→ **EXERCISE MATERIALS**:
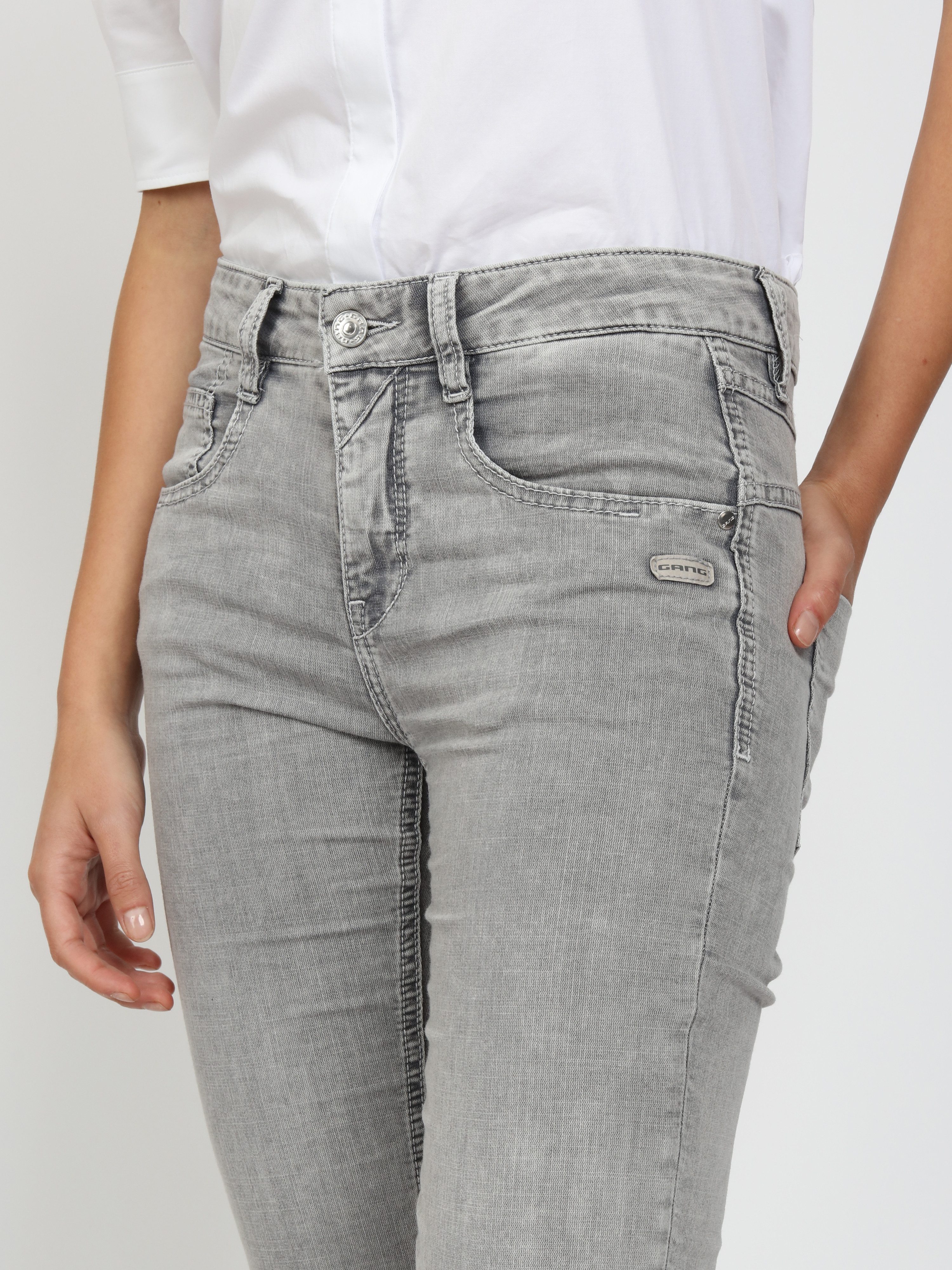 GANG Relax-fit-Jeans 94AMELIE aus leichtem, weichen Stretch-Denim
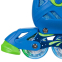 Роликовые коньки раздвижные детские с защитой и шлемом в комплекте JINGFENG 189 размер 31-38 5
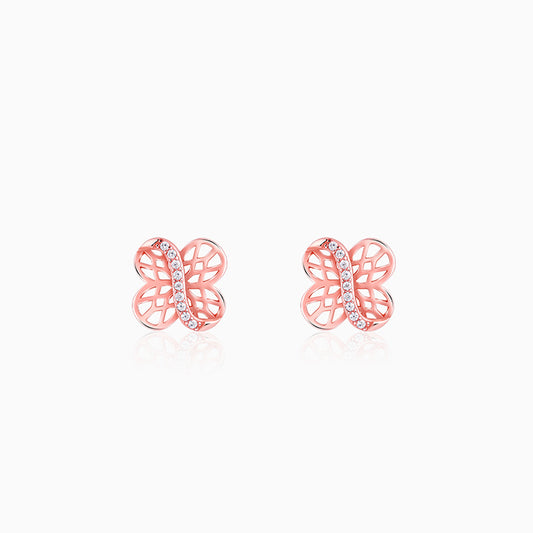 Rose Gold Buttercup Filigree Earrings
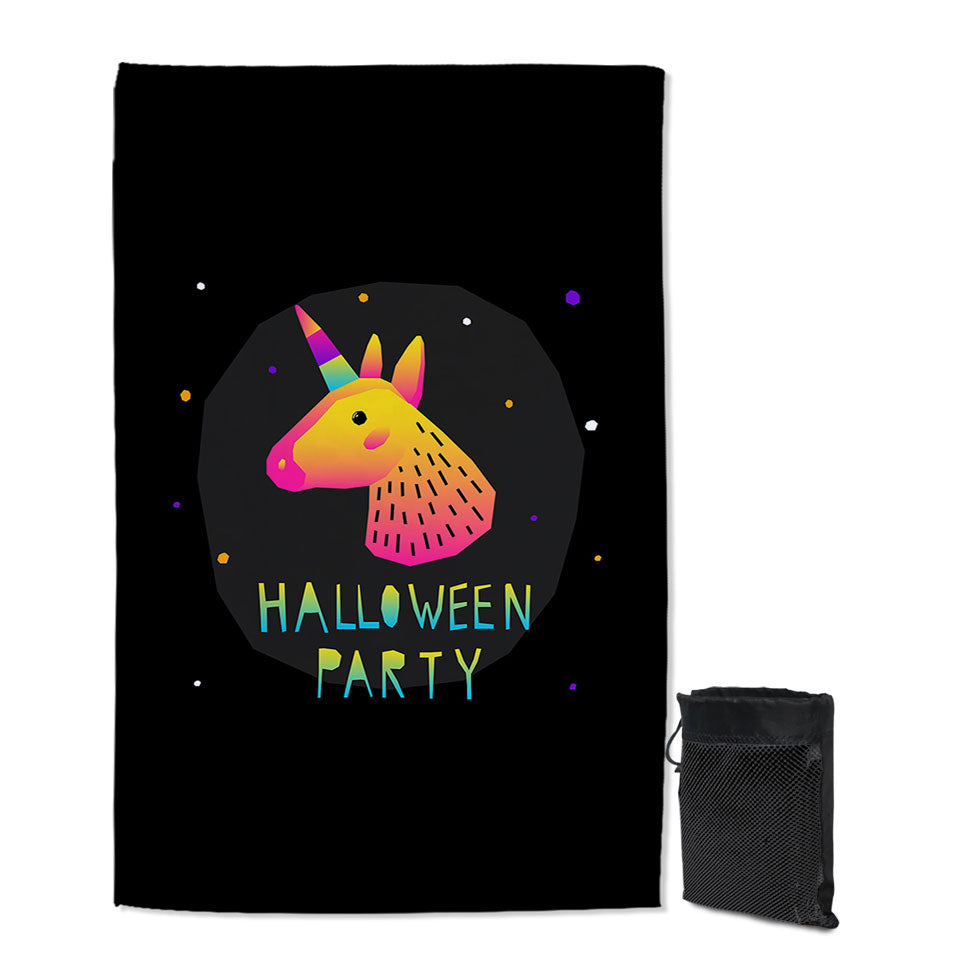 Simple Unicorn Giant Beach Towel for Halloween Party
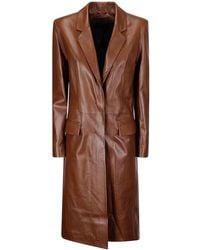 DESA NINETEENSEVENTYTWO - Leather Redingote Coat - Lyst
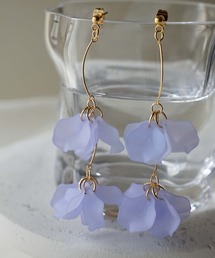 jolie minette /ゆれるフリル2連 ロング ピアス/アレルギー対応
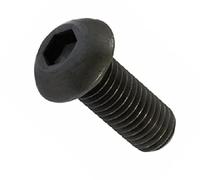 8mm High Tensile Bolts M8 x 20mm (8 Pack) Black (10.9 H/T) Socket Button / Dome Allen Key Head Bolt / Screws Free UK Delivery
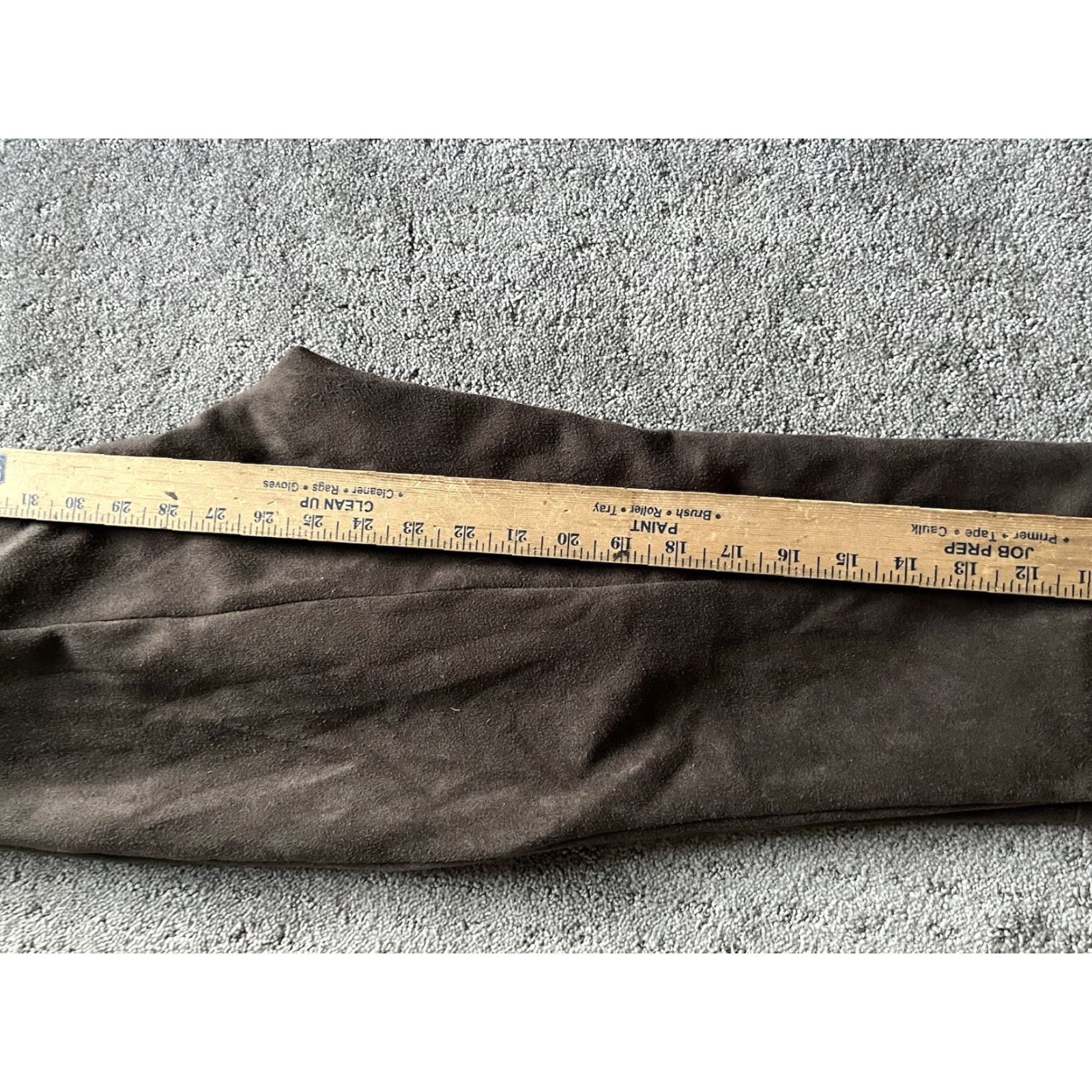 Zara Zara Basic Collection Women’s Vegan Suede Ankle Zipper Pull-On Pants M Brown Women’s Size 32" / US 10 / IT 46 - 6 Thumbnail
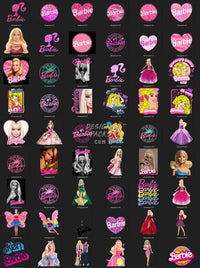 Load image into Gallery viewer, 52 Doll Cartoon Designs Bundles PNG DESIGNSPACKS
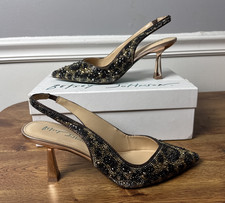 Betsey Johnson Clark Womens Heels Leopard Size 8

→ **EXERCISE DESCRIPTION**:
Everything in the material goes into the copy exactly, except the images.

→ **ANSWER TO THIS EXERCISE**:
 GANG Relax-fit-Jeans 94AMELIE aus leichtem, weichen Stretch-Denim
 Роликовые коньки раздвижные детские с защитой и шлемом в комплекте JINGFENG 189 размер 31-38 5
 Rose Gold Buttercup Filigree Earrings
 Simple Unicorn Giant Beach Towel for Halloween Party
 DESA NINETEENSEVENTYTWO - Leather Redingote Coat - Lyst
 jolie minette /ゆれるフリル2連 ロング ピアス/アレルギー対応
 8mm High Tensile Bolts M8 x 20mm (8 Pack) Black (10.9 H/T) Socket Button / Dome Allen Key Head Bolt / Screws Free UK Delivery
 Zara Zara Basic Collection Women’s Vegan Suede Ankle Zipper Pull-On Pants M Brown Women’s Size 32" / US 10 / IT 46 - 6 Thumbnail
 Load image into Gallery viewer, 52 Doll Cartoon Designs Bundles PNG DESIGNSPACKS
 Betsey Johnson Clark Womens Heels Leopard Size 8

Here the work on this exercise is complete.